◆ Instructions to follow ◆
From the line containing "Carte De Visite" to the last line of the listing, both included, copy every line exactly and drop the pictures.

◆ Records ◆
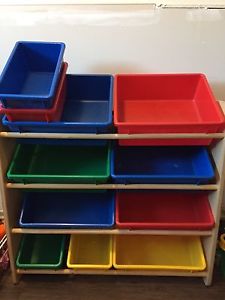 Toy rack and bins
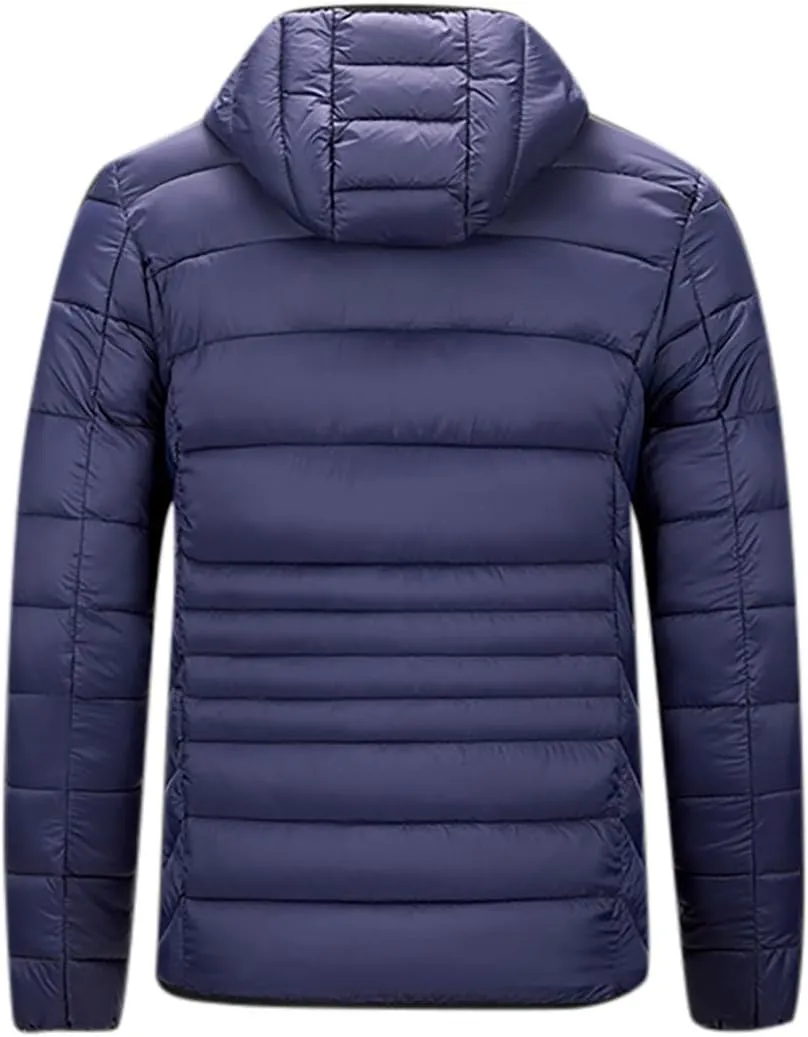 Mens Puffer Jacket Lightweight Hooded Down Jacket Water Resistant Quilted Jacket Plus Size Insulated Jacket Winter Coat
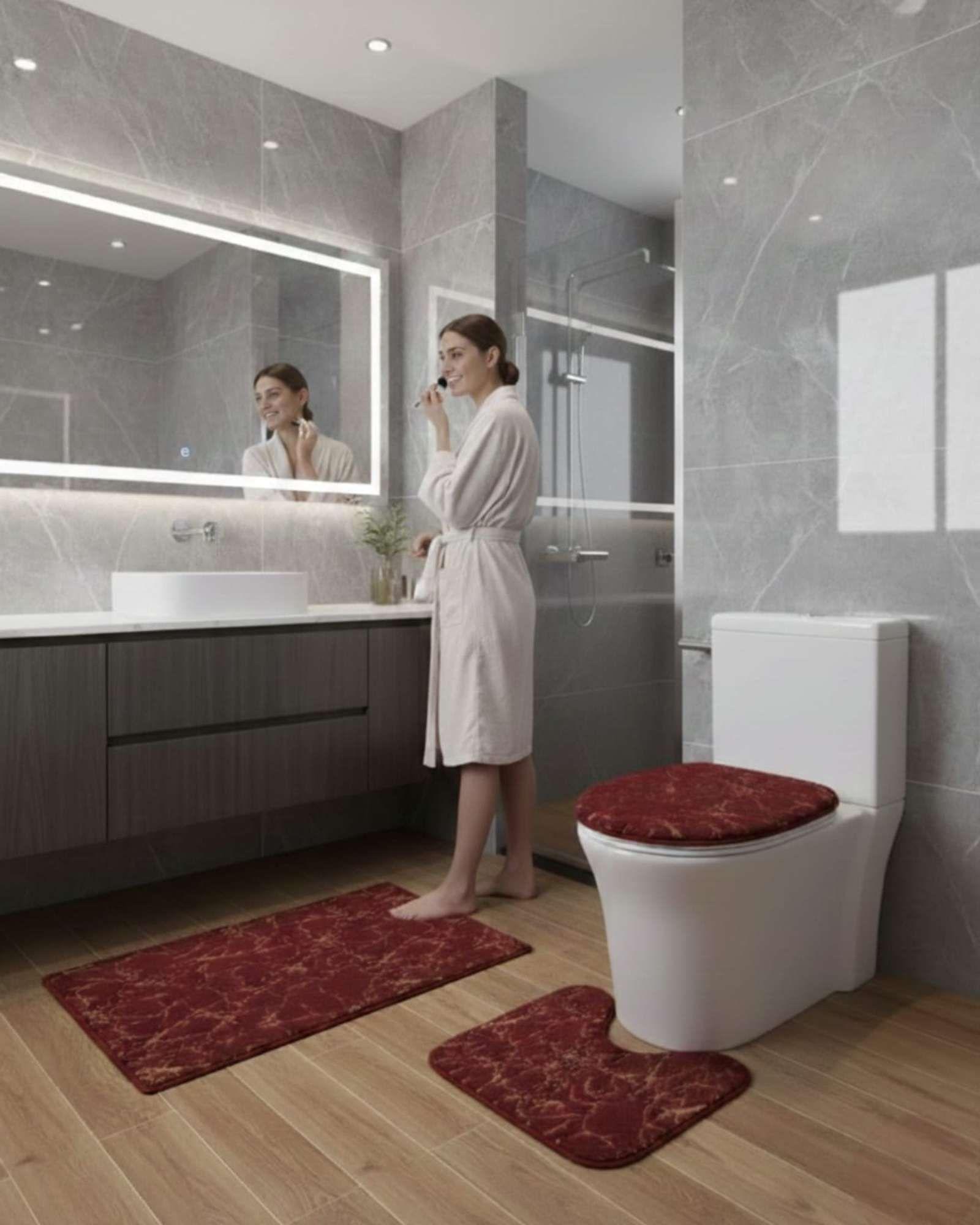 SET DE BAÑO DE MARMOL ATERCIOPELADOS 3 PIEZAS m4-2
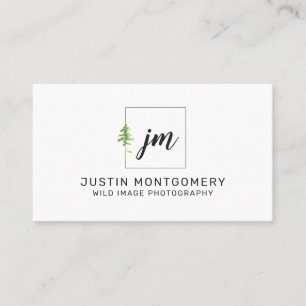Carte De Visite Rustique minimaliste Aquarelle Pines Business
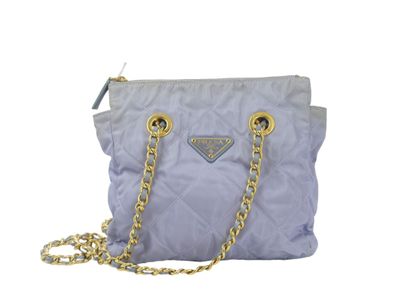 PRADA. Bag in lila quilted fabric, chain...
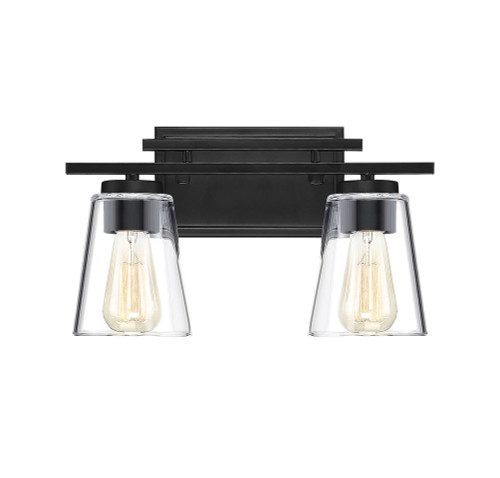 Calhoun Bath Vanity Light, 2-Light, Black, Glass Shade, 14.58"W, Savoy House (8-1020-2-BK 1N3VJ)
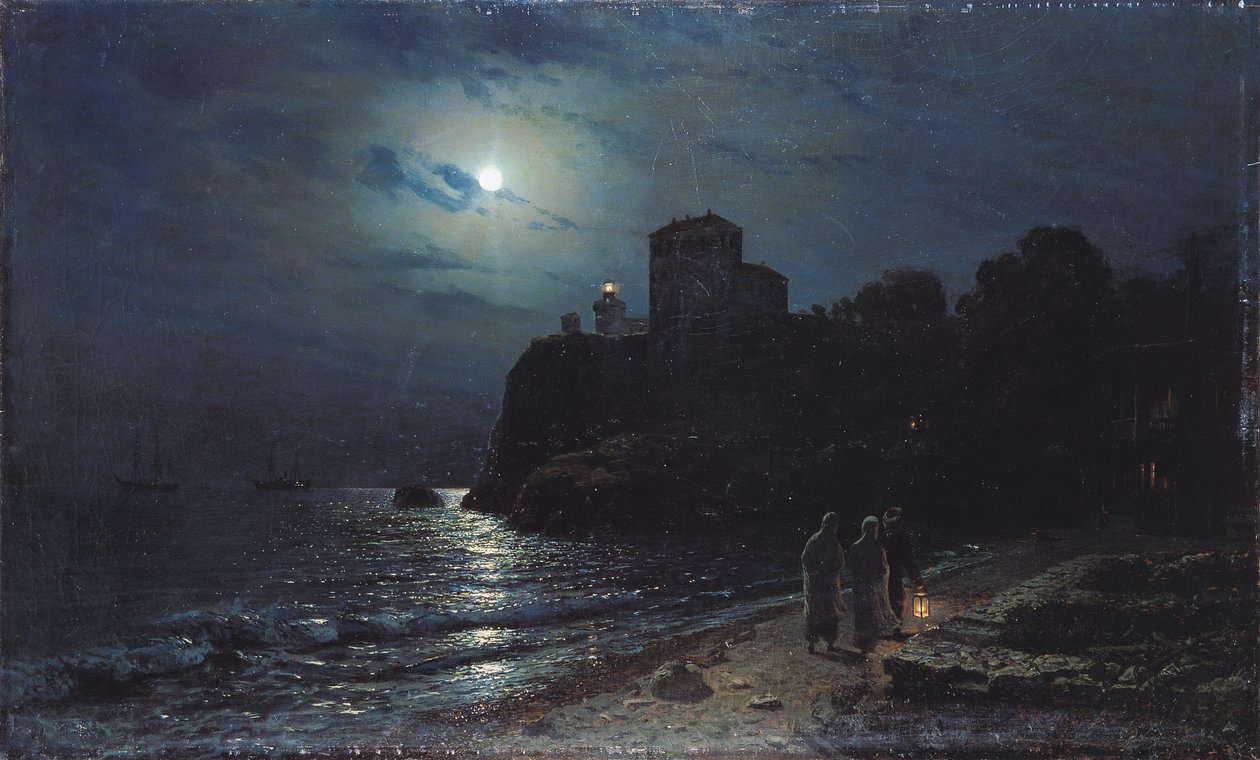 Luz de luna en el borde de un lago, 1870 de Alexei Kondratjewitsch Sawrassow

◆ Task solution ◆
Carte De Visite Rustique minimaliste Aquarelle Pines Business
 PRADA. Bag in lila quilted fabric, chain...
 Calhoun Bath Vanity Light, 2-Light, Black, Glass Shade, 14.58"W, Savoy House (8-1020-2-BK 1N3VJ)
 Luz de luna en el borde de un lago, 1870 de Alexei Kondratjewitsch Sawrassow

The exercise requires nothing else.